Yori Harun Bantah Tudingan Intimidasi terhadap Jurnalis, Sebut Ingin Klarifikasi Pemberitaan
Liputan24.com|BITUNG — Yori Harun membantah tudingan yang menyebut dirinya melakukan intimidasi terhadap seorang jurnalis. Ia menegaskan, persoalan tersebut bermula dari sebuah unggahan di media sosial yang menurutnya memuat informasi yang menyinggung dirinya.
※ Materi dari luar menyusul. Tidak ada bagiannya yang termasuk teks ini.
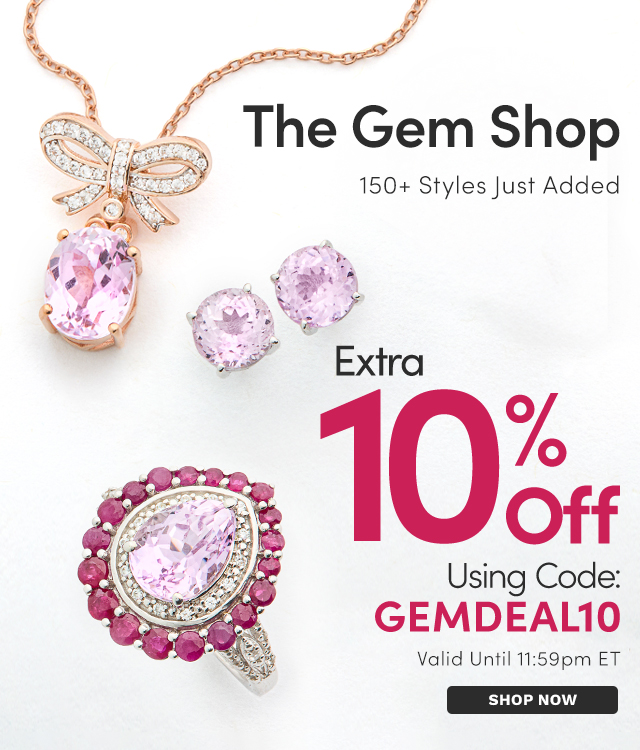 Extra 10% Off Using Code: GEMDEAL10 - Ends 11:59pm ET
Yori mengatakan, dirinya tidak bermaksud mengancam maupun mengintimidasi jurnalis tersebut. Menurut dia, kedatangannya hanya untuk meminta klarifikasi terkait pemberitaan yang menyebut dirinya sebagai pemain atau “mafia solar”.
«“Terkait pemberitaan bahwa saya mengintimidasi, itu tidak benar. Saya hanya ingin mencari dan menanyakan langsung mengenai pemberitaan yang menyebut saya sebagai pemain atau mafia solar,” ujar Yori.»
Ia menjelaskan, dirinya merasa keberatan karena pemberitaan atau unggahan tersebut, menurut pengakuannya, dibuat dan disebarluaskan tanpa terlebih dahulu melakukan konfirmasi kepadanya.
Yori mengaku sempat berkomunikasi melalui sambungan telepon dengan jurnalis yang bersangkutan. Namun, menurut versinya, percakapan tersebut kemudian terkesan seolah-olah dirinya melakukan pengancaman.
“Padahal saya hanya ingin mengklarifikasi pemberitaan tersebut. Saya ingin mengetahui dasar dan isi unggahan yang menurut saya tidak pantas serta merugikan nama baik saya,” katanya.
Yori juga membantah masih terlibat dalam aktivitas penjualan atau permainan bahan bakar minyak (BBM). Ia menyebut aktivitas tersebut sudah lama tidak dilakukannya.
“Saya kaget karena seolah-olah saya masih bermain BBM. Padahal itu sudah lama saya tinggalkan,” tegasnya.
Terkait gambar yang beredar bersama unggahan tersebut, Yori mengaku tidak mengetahui dan tidak pernah memberikan persetujuan atas penggunaan gambar tersebut.
Ia berharap persoalan ini dapat diselesaikan melalui komunikasi dan klarifikasi secara baik, tanpa menimbulkan kesalahpahaman di tengah masyarakat.
Yori menegaskan, dirinya menghormati tugas dan fungsi pers. Namun, ia juga berharap setiap informasi yang menyangkut dirinya dapat terlebih dahulu dikonfirmasi sehingga pemberitaan yang disampaikan kepada publik tetap akurat, berimbang, dan tidak menimbulkan persepsi yang keliru.
Pernyataan Yori tersebut merupakan klarifikasi atas tudingan yang beredar. Adapun pihak jurnalis yang disebut dalam persoalan ini belum memberikan tanggapan atau klarifikasi dalam materi pemberitaan ini.